BBC Buys Google News Keywords In Kelly Case
foreign devil writes "BBC has purchased keywords related to coverage of the Hutton Inquiry in an attempt to direct all traffic to their special news coverage. This would be only moderately interesting, except the BBC is complicit in the death of Dr. Kelly and the 'sexing up' of the Iraq dossier. The article in the Guardian says this is coming out of the GBP 63.5m ad budget. I wonder how much it would cost them if someone, say, automated searching for those links on Google." It doesn't seem fair to pronounce the BBC complicit in Kelly's death (unless that's proven by the facts of the case), but it's certainly an interested party.
The BBC didn't sex up the dossier. They accused the UK Goverment of doing so. The Hutton Report officially is released today, (28th Jan 2004), at 12:30[GMT]. One newspaper, (News International's The Sun), is claiming they have a leaked copy of said report, and according to them the BBCs reporter "Gilligan is effectively accused of LYING in a bombshell broadcast blaming Number Ten for "sexing up" a dossier on Iraqi weapons of mass destruction." source http://www.thesun.co.uk/article/0,,2004041477,00.h tml
Buying Google keywords doesn't redirect searches. It just determines what sponsered links show up.
The cretin who submitted this doesnt even live in the UK - he is an American who lives in San Francisco.
Quote : "the BBC is complicit in the death of Dr. Kelly and the 'sexing up' of the Iraq dossier."
Where does this idiot get his information from ? Yes, looking at this sentence, the BBC IS involved in the death of Dr. Kelly and the 'dossier' accusations, but only as a part of a whole, including the BBC senior management, the Government, MOD, some MP's and Dr. Kelly itself. And NO-ONE is directly accused of directly causing Dr. Kellys death - he committed suicide, end of story. The BBC's alleged involvement was to stand by an accusation against a government adviser of 'sexing up' an intelligence dossier, despite grave misgivings about the accuracy of the story.
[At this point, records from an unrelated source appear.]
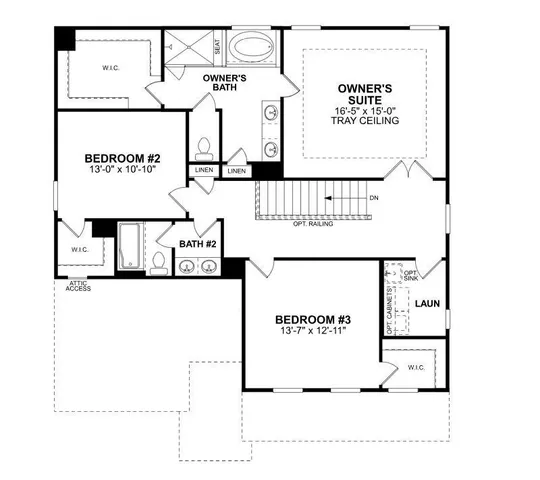 a picture of a book and a white bed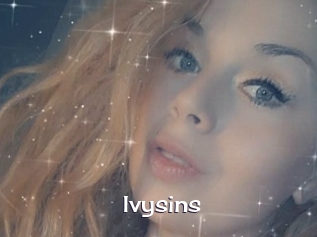 Ivysins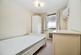 Additional image 9 of ECHO CENTRAL, CROSS GREEN LANE, LEEDS, LS9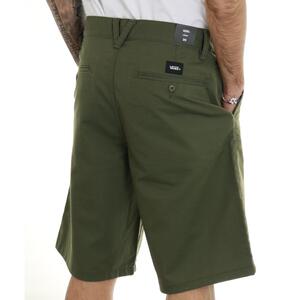 BERMUDA AUTHENTIC LOOSE VANS - Mad Fashion | img vers.300x/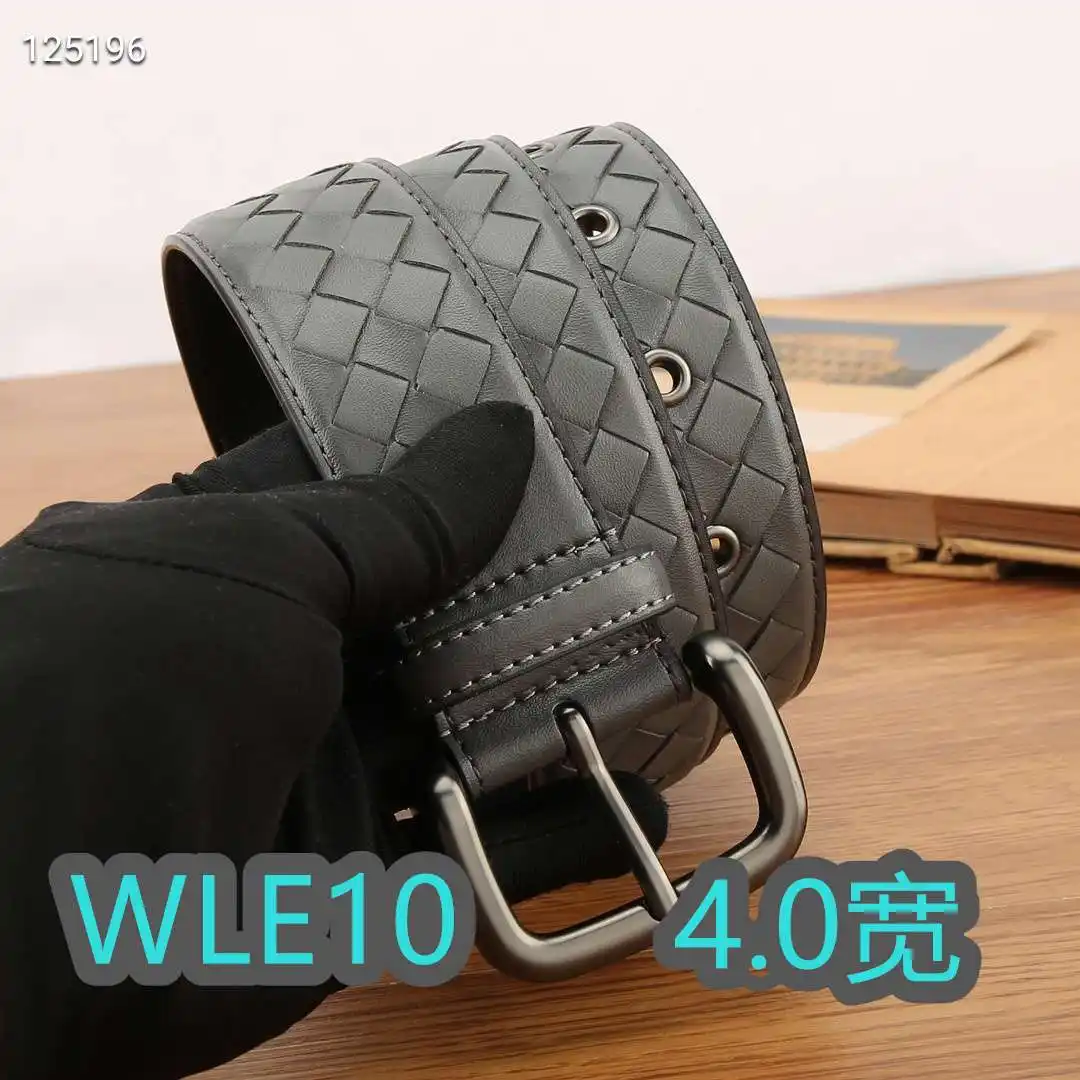 S53301150 (48).webp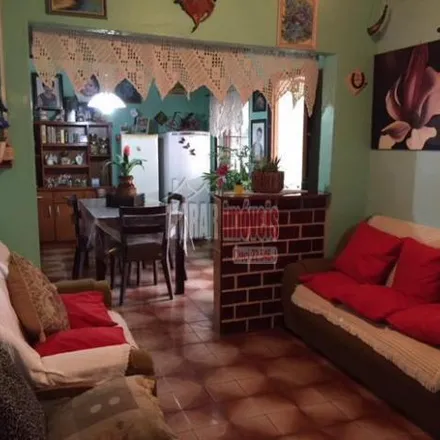 Buy this 3 bed house on Avenida Presidente Castelo Branco in Centro, Igrejinha - RS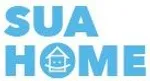 Sua Home Negócios Imobiliários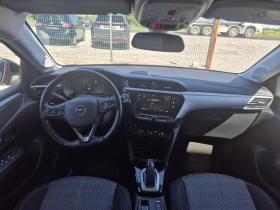 Opel Corsa Electric | Mobile.bg � ����� ������ 10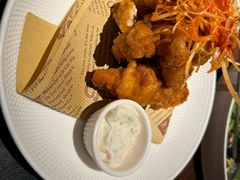 -404干式熟成牛排馆•聚会餐厅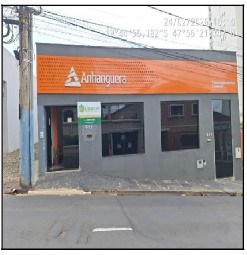 RUA SAO SEBASTIAO, N. 311,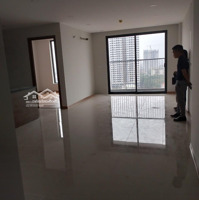 Cho Thuê Căn Hộ 3 Phòng Ngủ 2 Vệ Sinh 90M2 Đồ Cơ Bản Gamuda Yên Sở Hoàng Mai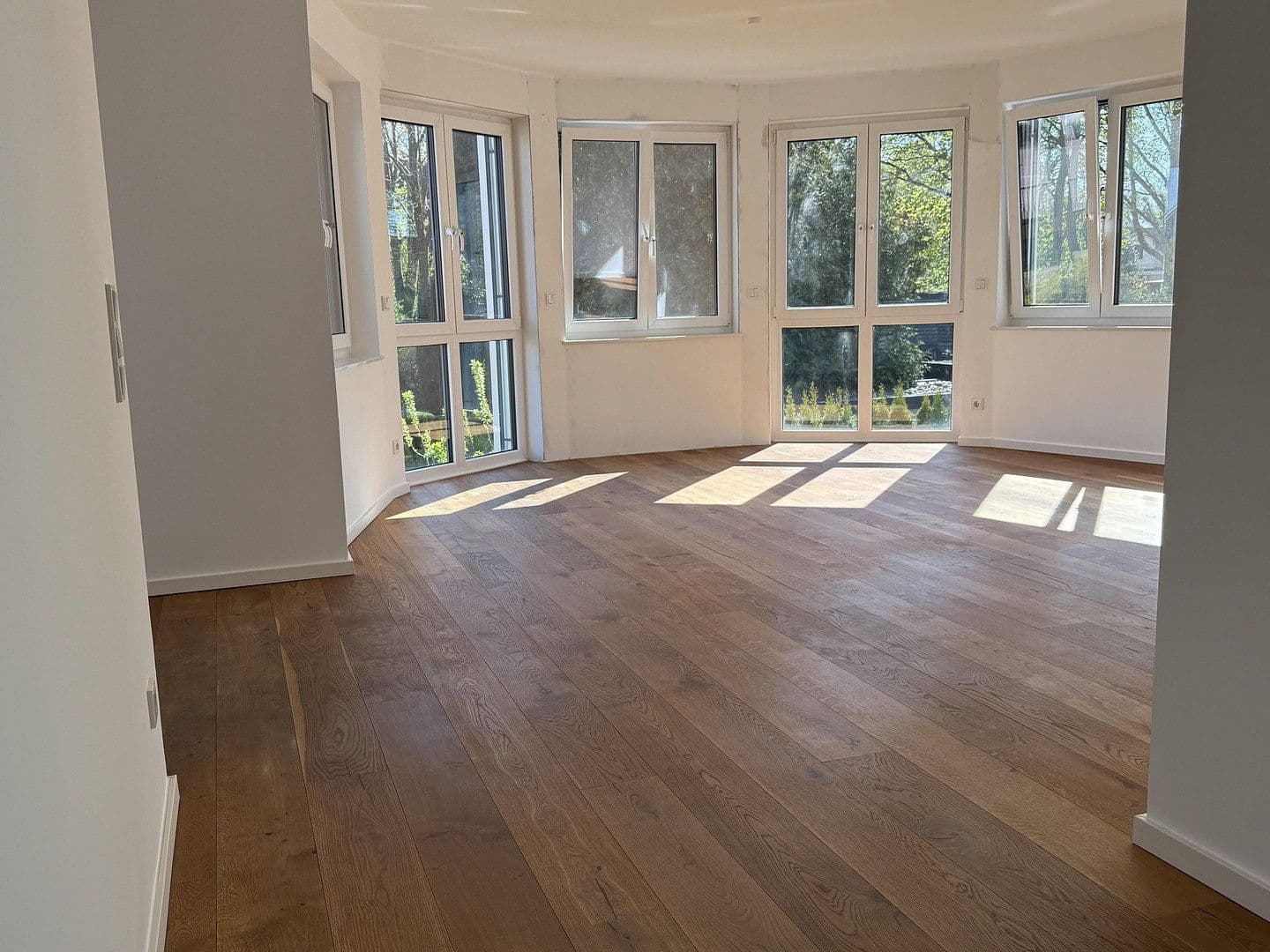 Pronájem bytu 2+kk 105 m², Doktorstieg 10, Schenefeld, Šlesvicko-Holštýnsko Pronájem bytu 2+kk 105 m², Doktorstieg 10, Schenefeld, Šlesvicko-Holštýnsko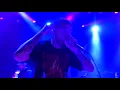 Like Moths To Flames - Bury Your Pain @ Belasco, Los Angeles, 12/08/21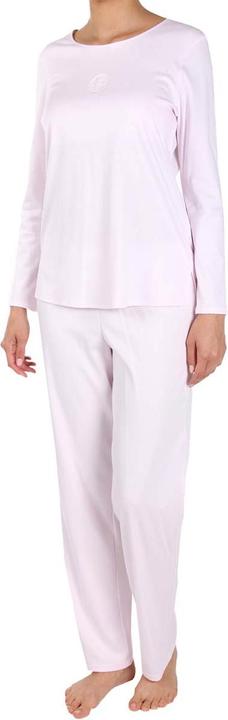 Produktbild Féraud Basic Schlafanzug (48, 4XL)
I know news coverage in the US is poor, but I would suggest the original submitter tries to get some decent news coverage - BBC TV news (if you can get it in the US) still beats the pants off anything else you are likely to get for objectivity and editorial quality. I was also under the impression that the Guardian is a bit of a cheerleader for the BBC in general - public service broadcasting is something I would think the vast majority of it's readership support.